Au reveil, la maison bouillonnait toujours. Cette fois ci, les hommes étaient revenus, les cousins de mon age aussi. Ils étaient en train de rassembler leurs affaires pour s'habiller. J'ai alors décidé de presser le pas pour ne pas être en retard. Après avoir pris une douche, je rejoignis mes cousins qui étaient en train de s'habiller dans la chambre de Karim mon frère cadet. J'avais toujours mon camescope numérique, il fallait que je le teste et que je le configure avant de descendre pour filmer la cérémonie. Je l'ai donc placé sur la télévision, sur l'ordinateur j'ai lancé de la musique Shikhat populaire marocaine et on a commencé à s'habiller en se dandinant sur ces rythmes lents et temporisés. Instant de délires avec mes cousins, strip-tease filmés et autres déconnades.

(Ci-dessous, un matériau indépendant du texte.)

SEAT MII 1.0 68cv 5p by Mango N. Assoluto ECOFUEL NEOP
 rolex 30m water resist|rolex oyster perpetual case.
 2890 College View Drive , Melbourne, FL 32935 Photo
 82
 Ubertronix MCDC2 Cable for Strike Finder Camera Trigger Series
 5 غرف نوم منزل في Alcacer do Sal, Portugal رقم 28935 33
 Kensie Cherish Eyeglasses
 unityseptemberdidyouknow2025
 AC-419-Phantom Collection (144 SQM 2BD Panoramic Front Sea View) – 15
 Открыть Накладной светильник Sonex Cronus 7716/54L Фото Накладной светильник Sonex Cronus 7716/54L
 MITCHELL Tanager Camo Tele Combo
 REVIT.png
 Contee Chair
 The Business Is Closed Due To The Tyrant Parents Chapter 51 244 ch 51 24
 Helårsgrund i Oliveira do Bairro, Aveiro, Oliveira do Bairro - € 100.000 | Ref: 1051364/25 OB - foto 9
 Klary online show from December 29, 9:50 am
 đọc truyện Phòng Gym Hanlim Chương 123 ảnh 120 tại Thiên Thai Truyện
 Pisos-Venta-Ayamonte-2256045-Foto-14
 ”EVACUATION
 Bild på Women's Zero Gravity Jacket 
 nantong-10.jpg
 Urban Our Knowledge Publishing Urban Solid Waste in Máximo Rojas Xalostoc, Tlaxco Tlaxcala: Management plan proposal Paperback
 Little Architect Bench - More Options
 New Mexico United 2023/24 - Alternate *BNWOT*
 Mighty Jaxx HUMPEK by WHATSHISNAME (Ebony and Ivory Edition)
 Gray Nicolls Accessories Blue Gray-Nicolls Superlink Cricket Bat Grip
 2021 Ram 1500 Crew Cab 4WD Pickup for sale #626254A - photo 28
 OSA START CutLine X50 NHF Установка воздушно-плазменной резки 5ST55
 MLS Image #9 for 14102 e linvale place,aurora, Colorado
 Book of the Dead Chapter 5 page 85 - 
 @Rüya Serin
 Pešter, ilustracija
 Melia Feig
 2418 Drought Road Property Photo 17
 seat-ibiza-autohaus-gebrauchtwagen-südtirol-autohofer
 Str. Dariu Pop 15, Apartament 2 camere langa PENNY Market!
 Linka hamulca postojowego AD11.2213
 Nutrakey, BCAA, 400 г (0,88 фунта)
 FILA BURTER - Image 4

Il fallait se défouler un peu car une fois descendus tout le monde devait être sage. Mon cousin imad, était habillé tout en noir, très élégant, le costume lui allait à merveille. Anas, autre cousin de ma génération avait sorti de son emballage sa meilleure chemise quant aux plus jeunes, leurs mères avaient déjà fini de les habiller.

Ce soir, on allait célébrer le mariage de ma cousine Dounia et de son mari Mustapha...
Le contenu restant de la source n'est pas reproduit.